The 256K context window puts it in direct competition with Claude and GPT-4 Turbo for document analysis and long-form reasoning tasks. For organisations dealing with complex multilingual documents or needing to maintain context across extended conversations, this could be a compelling alternative to the usual suspects. The agentic capabilities suggest Cohere is positioning this as more than just a chat model – they want it powering autonomous workflows.

Worth Watching

Groq's Automatic Prompt Caching Cuts Costs by Half

Groq's automatic prompt caching for the Kimi K2 model, effective 20 August, offers a 50% reduction in token costs with no code changes required. The automation is the key here – no need to manage cache keys or implement complex caching logic. For high-volume applications with repetitive prompts, this could significantly impact operating costs. Worth testing if you're running Kimi K2 workloads.

OpenSearch Continues Stability Push

AWS OpenSearch released multiple bug fix updates this week, including version 2.19.3 on 21 August. The fixes address task cancellation in aggregators, profiler timing issues, and regex query handling improvements. Whilst these are maintenance releases, the focus on query performance and system stability suggests OpenSearch is preparing for increased enterprise adoption. No action required, but expect improved reliability in production deployments.

AWS Bedrock Adds Token Count Estimation

Bedrock's new CountTokens API, available from 21 August for Claude 3.5 Haiku and Sonnet, lets developers estimate token usage before sending requests. This proactive cost management tool is particularly valuable for applications with variable prompt lengths. Useful for budget planning and avoiding rate limit surprises, though it's more of a nice-to-have than a must-have feature.

Together AI Shares Engineering Automation Playbook

Together AI's case study on automating engineering workflows with AI agents, published 21 August, provides practical insights into building reliable autonomous systems. The emphasis on verifiable tasks, stable environments, and robust monitoring reflects hard-learned lessons from production deployments.
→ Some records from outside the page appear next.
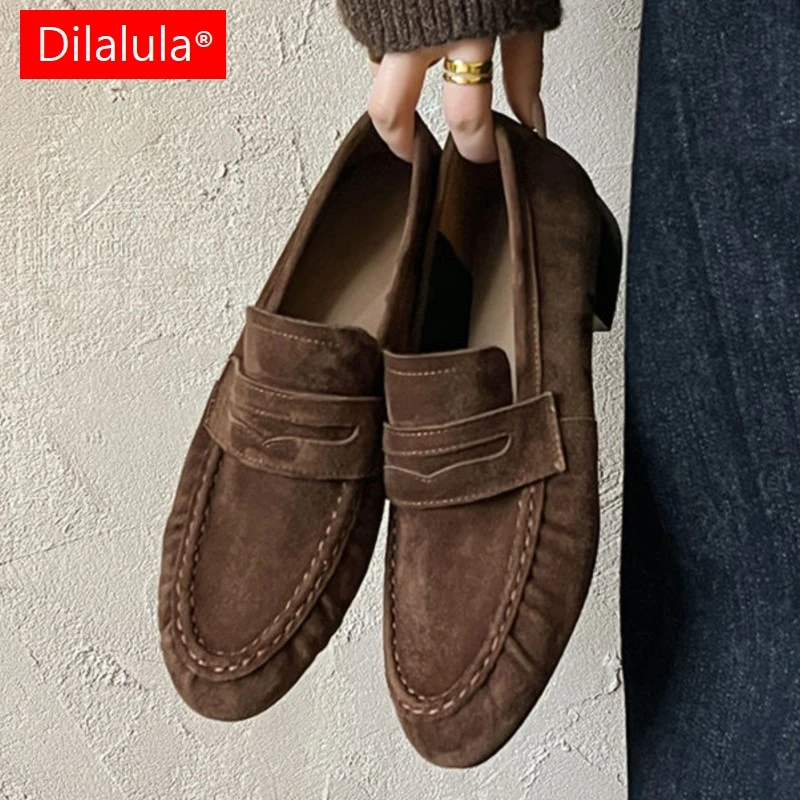 

Dilalula 2026 Classic Real Leather Women Pleated Loafers Low Thick Heel Slip On Leisure Shoes Women Autumn British Style Loafers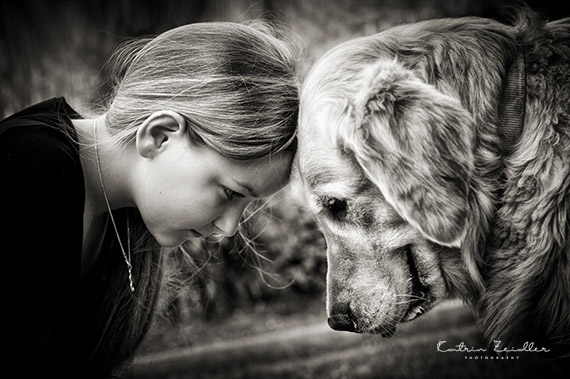 Kinderfotografie Kind mit Hund in Zuneigung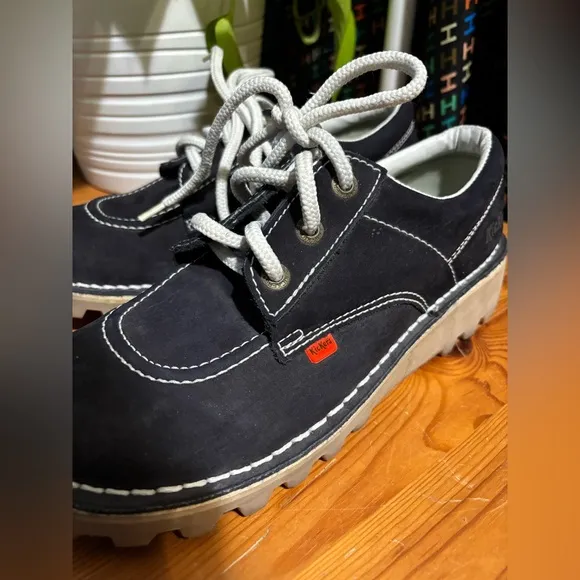 Kickers- Womens Navy Derbies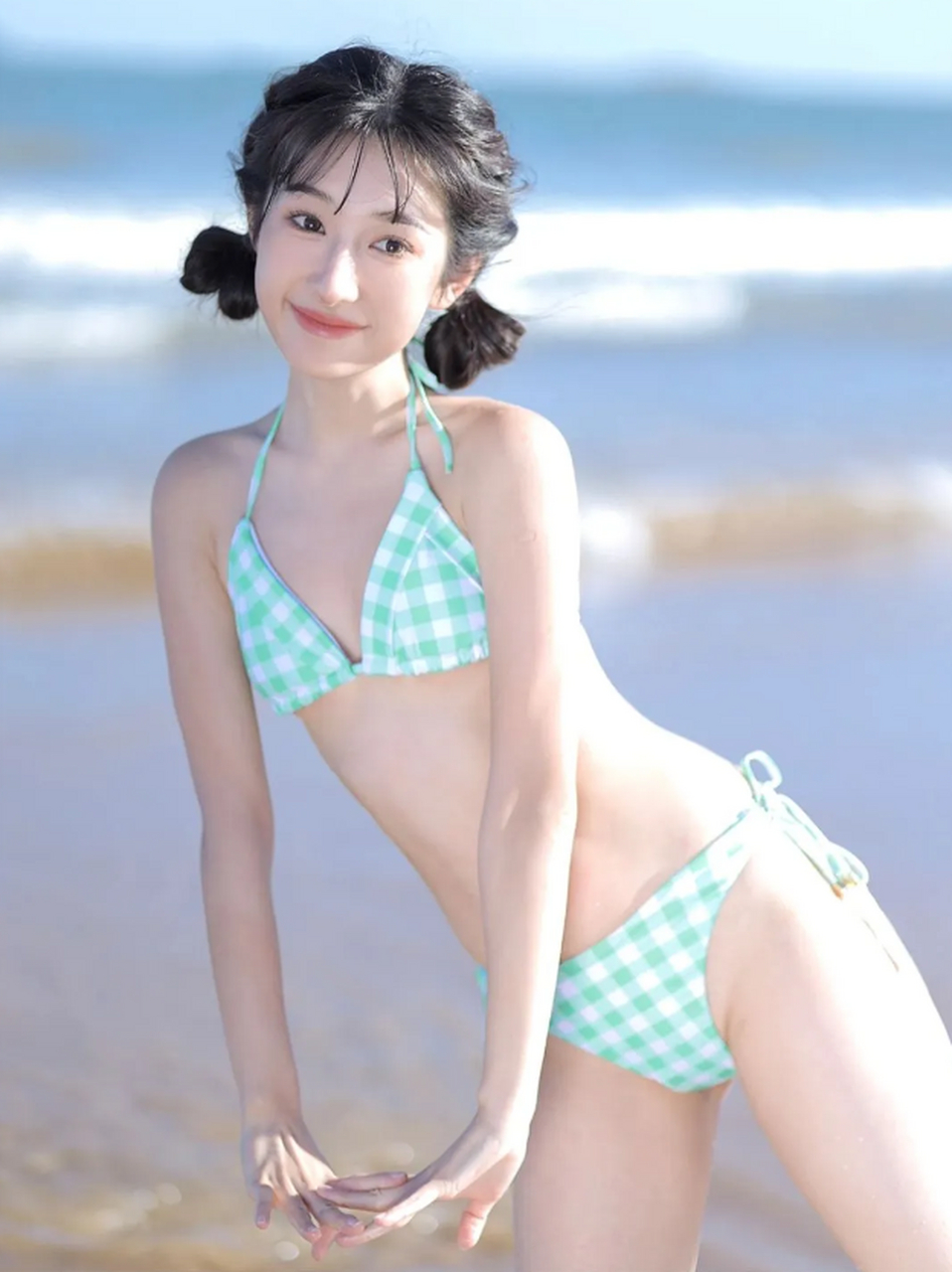 在石老人海水浴场和苗苗拍了无数套泳衣哈哈哈哈 在海边实现了穿衣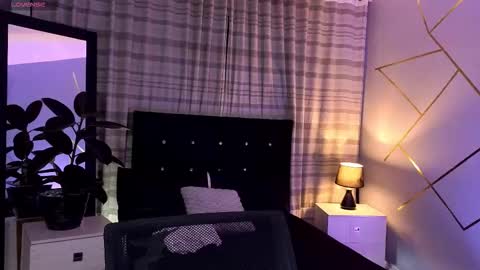 chrristopher77 online show from 10-10-25, 04:22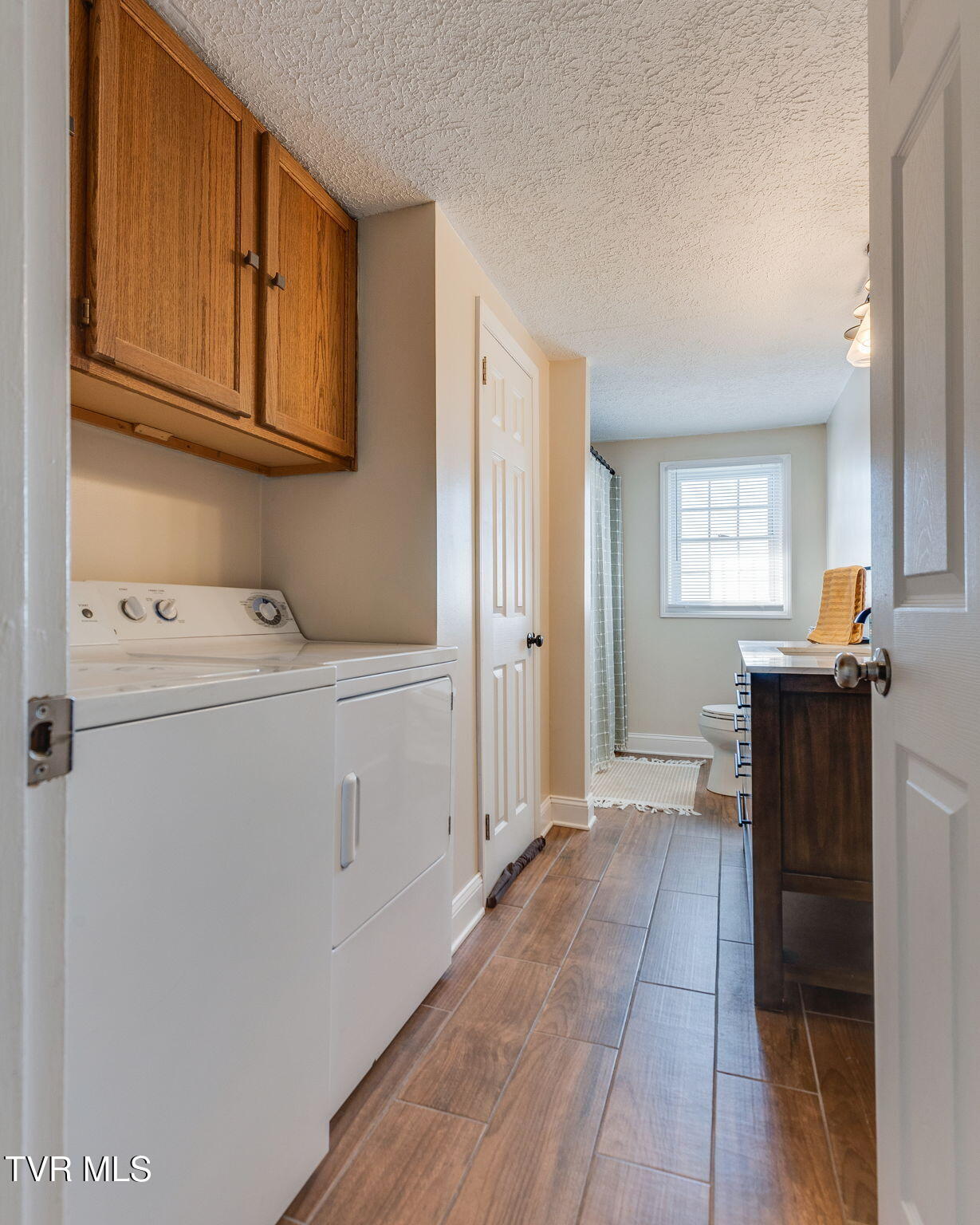 408 Claremont Road Kingsport, TN 37660 - Photo 13 of 25 013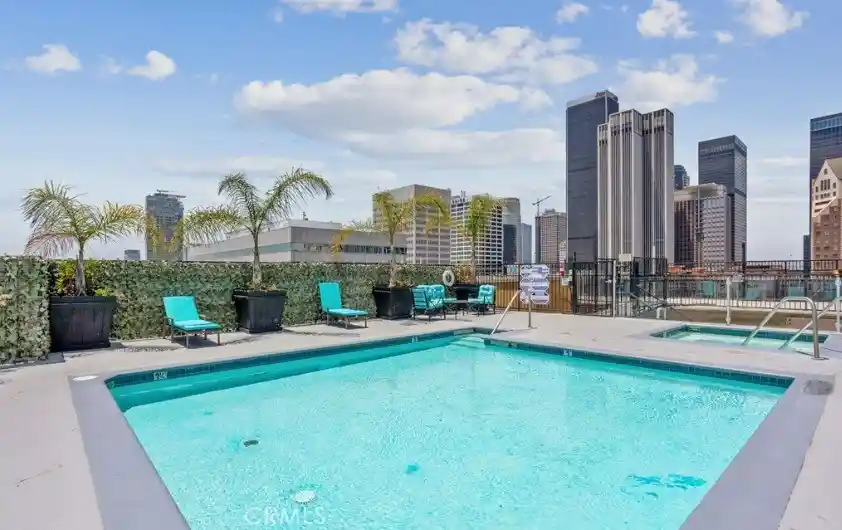 Condo for sale at 312 W 5th Street #1003, Los Angeles, CA 90013 | MLS# SR26149754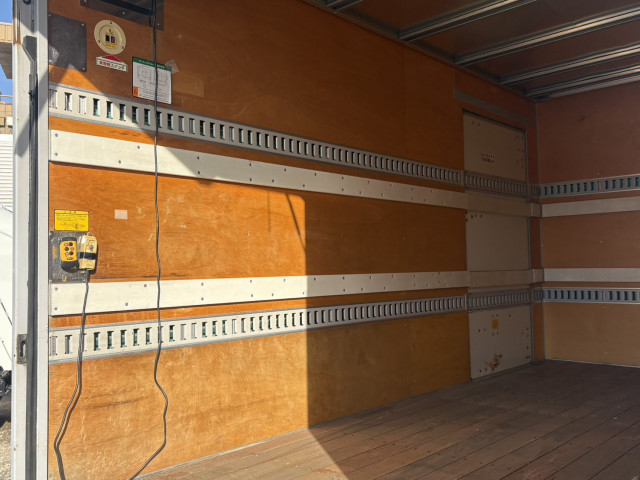 いすゞ エルフ 小型 バン TKG-NMR85N(100917) 12枚目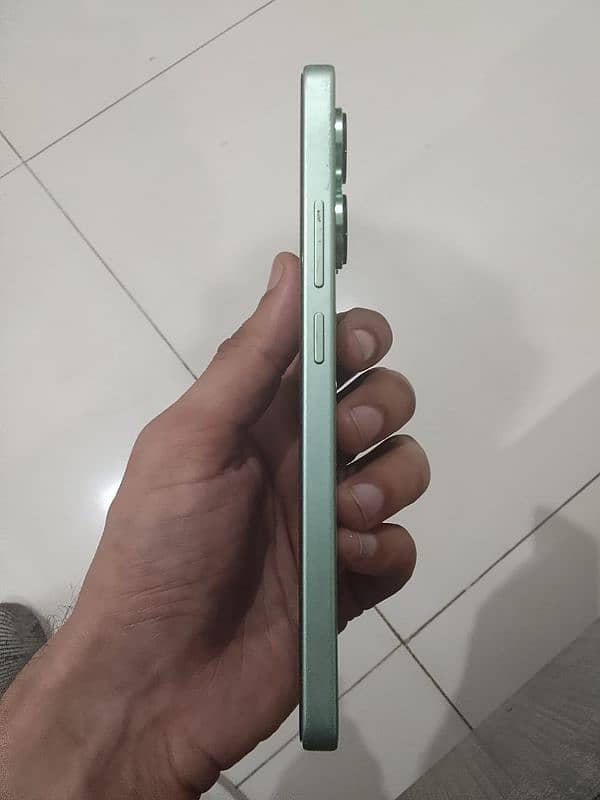 Redmi Note 13 in mint condition 3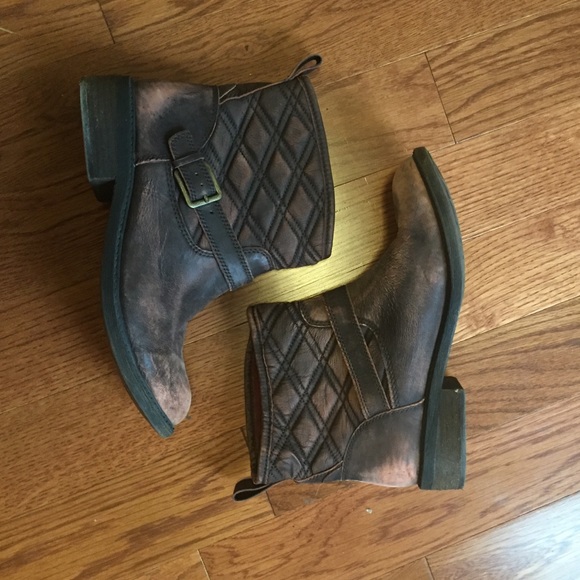 Lucky brand mid calf boots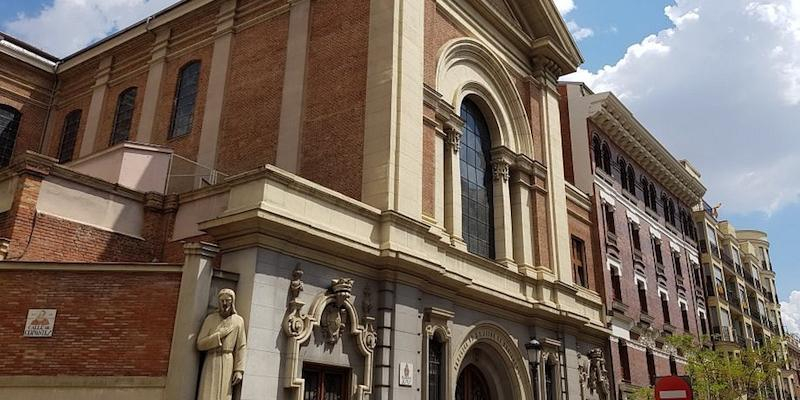 La basílica Jesús de Medinaceli recibe la visita pastoral de monseñor Jesús Vidal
Worth reading if you're planning agent-based automation projects.

Quick Hits

Anthropic launched higher education advisory board and AI Fluency courses, plus new admin controls for business plans
Anthropic announced nuclear safeguards development through public-private partnership
OpenSearch fixed null pointer exceptions and authentication issues in version 2.19.2

The Week Ahead

Watch for enterprise adoption metrics from Google following the Vertex AI Agent Engine security updates. The real test will be whether regulated industries start moving from pilot projects to production deployments. Together AI's fine-tuning service will likely see its first customer case studies emerge, providing early indicators of demand for managed fine-tuning services.

Cohere's Command A Reasoning model will need to prove itself against established players in reasoning benchmarks. Early performance comparisons should surface by month-end, particularly for multilingual reasoning tasks where Cohere claims an advantage.

The broader trend towards enterprise-ready AI infrastructure continues, with security, compliance, and operational efficiency becoming key differentiators. Expect more providers to announce similar enterprise-focused capabilities as the market matures beyond experimental use cases.